Fa riflettere un articolo di Adolfo Beria di Argentine, già Procuratore generale della Repubblica presso la Corte d’Appello di Milano, pubblicato sul “Corriere della Sera” del 12 aprile 1986 dal titolo: “Rapporti tra giustizia e stampa/Se al giornalista si toglie la penna“. La sintesi dell’articolo può essere questa: “L’interdizione professionale è contro la Costituzione”. Scrive Beria: “Giustamente, pertanto, alcuni giuristi italiani hanno fatto rilevare che queste interdizioni contrastano con l’art. 27 della Costituzione che vuole la pena finalizzata alla «rieducazione» del condannato e con l’art. 133 del codice penale che impone al giudice di «individualizzare», a tale fine, la sanzione. La natura essenzialmente e funzionalmente punitiva, a carattere afflittivo, retributivo e intimidatorio dell’interdizione professionale contrasterebbe, quindi con i moderni sistemi penali che tendono a supplire alla funzione della pena classica attraverso misure di moderna difesa sociale che corrispondano a sanzioni più complesse e polivalenti. (Mi sembrano questi i motivi ispiratori della scelta adottata dal progetto di codice penale francese che sopprime la pena dell’interdizione professionale). Forse la soluzione al problema sta in un migliore autocontrollo professionale, basato su precisi statuti che deleghino ad organismi interni il compito di pronunciare eventuali interdizioni, profondamente diverse per natura ed effetti. L’analisi giuridica può sì effettuare una delimitazione in materia, ma è un settore troppo vasto e complesso per essere disciplinato totalmente ed efficacemente dalle norme del diritto penale“.
5. Proposta di riforma della legge sulla stampa n. 47/1948 e in particolare del reato di diffamazione a mezzo stampa.
Oggigiorno sui giornalisti e sui giornali italiani pendono querele con richieste di risarcimenti per circa 3.500 miliardi di vecchie lire. Questa abnorme situazione, riconducibile in larga misura a iniziative strumentali, compromette la serenità dei giornalisti, con grave incidenza sul diritto di libera espressione del pensiero, essenziale in un regime democratico. Il clima di intimidazione che si è determinato costituisce un fattore di grave depressione culturale, anche in danno del pubblico. Si rende necessario ed urgente un adeguamento della normativa sulla stampa in vigore a salvaguardia dei principi e delle garanzie costituzionali. Queste le osservazioni sui vari problemi sul tappeto e queste le proposte concrete di modifica di alcuni articoli della legge sulla stampa, e dei codici civile e penale.
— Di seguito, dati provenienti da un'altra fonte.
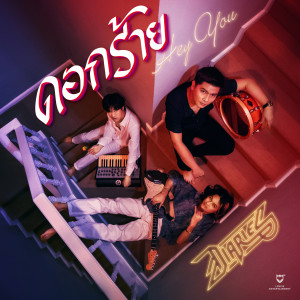 ดาวน์โหลดและฟังเพลง ดอกร้าย พร้อมเนื้อเพลงจาก Diaries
Una nuova legge sulla rettifica che incida sia in sede penale sia in sede civile. Il crescente numero di querele contro giornali e giornalisti rende necessaria una nuova legge sulla rettifica in caso di diffamazione a mezzo stampa. Il problema più significativo è risarcire l’onore delle persone lese e stabilire che la rettifica fatta nei termini previsti dall’articolo 8 della legge 47/1948 ha una funzione di risarcimento e che la stessa evita il procedimento penale e contiene il risarcimento civile. C’è bisogno di una legge di questo genere: i giornali potranno poi scegliere se rettificare o andare al processo penale con il rischio implicito di rischi civilistici.
La materia è complessa, perché si tratta di trovare un punto di equilibrio tra l’esigenza giuridica di tutelare l’identità della persona offesa e il diritto di giornali e giornalisti di riferire quel che accade ai cittadini, titolari a loro volta del diritto costituzionale all’informazione (corretta e completa) elaborato dalla Corte costituzionale e dalla Corte dei diritti dell’uomo di Strasburgo. In sostanza va affermato il principio secondo il quale la persona offesa che non abbia chiesto la pubblicazione di una rettifica o smentita della notizia lesiva non può chiedere il risarcimento del danno lamentato in conseguenza della stessa. Nel caso di rifiuto di pubblicazione di rettifica o smentita, sono civilmente responsabili per il risarcimento del danno, in solido con gli autori del reato e fra di loro, il proprietario della pubblicazione e l’editore. Nel caso di pubblicazione di rettifica o smentita, la persone offesa può chiedere il risarcimento del danno qualora dimostri, in relazione alla gravità dell’illecito e alle circostanze, che l’adempimento non costituisca riparazione sufficiente.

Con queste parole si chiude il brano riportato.